Heart of Worcestershire College is an academic institution with campuses at Worcester, Malvern, Redditch and Bromsgrove. It was established in August 2014 on the merging of Worcester College of Technology and North East Worcestershire College (commonly abbreviated to NEW College).

History

North East Worcestershire College 

North East Worcestershire College (NEW College) was founded in 1988 from the merger of North Worcestershire College and Redditch College of Further Education.
 
It had campuses at Redditch and Bromsgrove which also offered outreach courses in  community and employer premises across Worcestershire. Enrolment was open to anyone aged 16 and over and during the year 2009 -2010 there were around 3000 full-time and 6000 part-time students enrolled at the college.  In addition to full and part-time courses, the college offered apprenticeship training in subjects that included Accounting, Business Administration, Child-Care, Construction Trades, Engineering, Hairdressing, Health and Social Care and Motor Vehicle Engineering.
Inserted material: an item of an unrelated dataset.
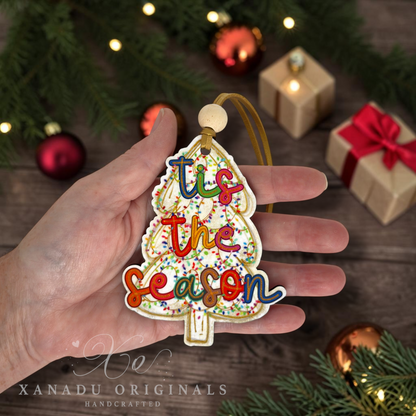 A hand holds a Christmas tree-shaped ornament with the phrase “tis the season” in colorful raised letters. The ornament has a white base with multicolored confetti and a gold hanging loop, photographed against a festive holiday background with pine branches, ornaments, and wrapped gifts.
In an Ofsted inspection in 2010 inspectors assessed the college's overall performance as "good, with outstanding features" describing the college as "a lively, modern, safe and friendly place to study".  Over a ten-year period investments totalling £40m were made in upgrading existing buildings and substantial new build projects in both Redditch and Bromsgrove.  The college was noted for its development of innovative projects with private and public sector partners including Artrix the Bromsgrove Arts Centre and a Harley-Davidson European Training Centre that provided training for Harley-Davidson technicians from the UK, Europe and the Middle East. The college was designated as an LSIS 'Beacon' college.

In 2011, NEW College opened a £3.5m extension which included a new TV studio, Music Centre and Games/Interactive Media studio.

In November 2012, the Foundation Degree Media Moving Image students, created an animated music video featuring the song "All the Broken Toys at Christmas" and toys such as Action Man, Barbie and Scalextric,  to raise money for Sense for the Christmas period. At the world premiere of the music video, held at the college on 28 November, two days before its official release, Virginia Von Malachowski, a manager from Sense was present and praised the project.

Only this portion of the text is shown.